■ What this task involves:
Starting at the line with "Muscleguys Brand Gym" and stopping at the final line, retype the data below exactly; do not carry over any pictures.
-- Excerpted records follows --
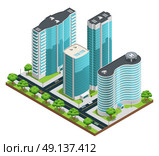 Isometric Modern City Composition. Isometric cityscape composition with modern skyscrapers and green yards on white background vector illustration. Стоковая иллюстрация, агентство Ingram Publishing / Фотобанк Лори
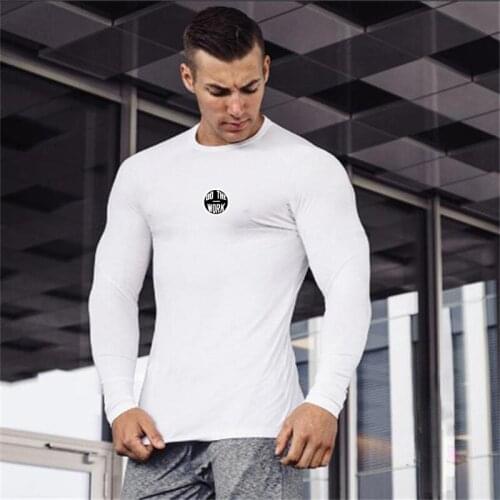 Muscleguys Brand Gym Clothing Fitness Running T-shirt Men Compression Skinny Bodybuilding T shirt Long Sleeve Sports Tee Tops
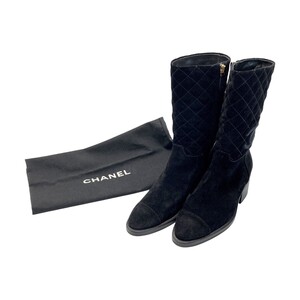 ☆☆ CHANEL シャネル ココマーク マトラッセ スエード ブーツ G38158 ブラック キルティング SIZE35? 布袋有 やや傷や汚れあり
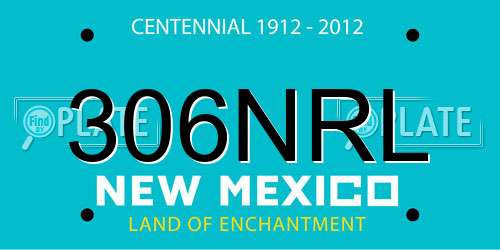 306NRL New Mexico License Plate
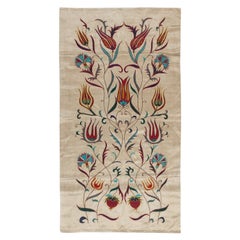 22"x41" 100% Silk Wall Hanging, Embroidered Uzbek Tapestry, Suzani Wall Decor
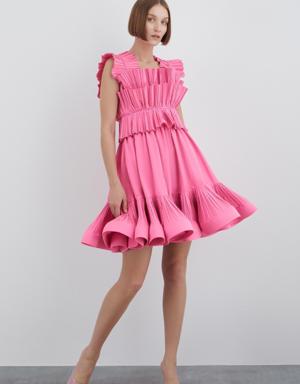 Pleated Midi Lenght Dress With Embroidered Detail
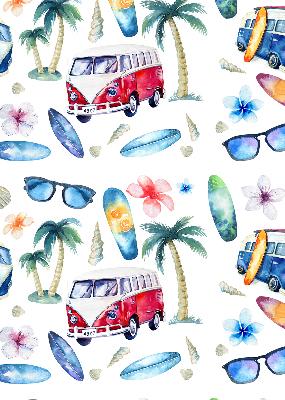 Roller blind for large window Hawaii cars and palm trees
-- Excerpted records concluded --
■ Written reply:
 Muscleguys Brand Gym Clothing Fitness Running T-shirt Men Compression Skinny Bodybuilding T shirt Long Sleeve Sports Tee Tops
 ☆☆ CHANEL シャネル ココマーク マトラッセ スエード ブーツ G38158 ブラック キルティング SIZE35? 布袋有 やや傷や汚れあり
 306NRL New Mexico License Plate
 22"x41" 100% Silk Wall Hanging, Embroidered Uzbek Tapestry, Suzani Wall Decor
 Pleated Midi Lenght Dress With Embroidered Detail
 Roller blind for large window Hawaii cars and palm trees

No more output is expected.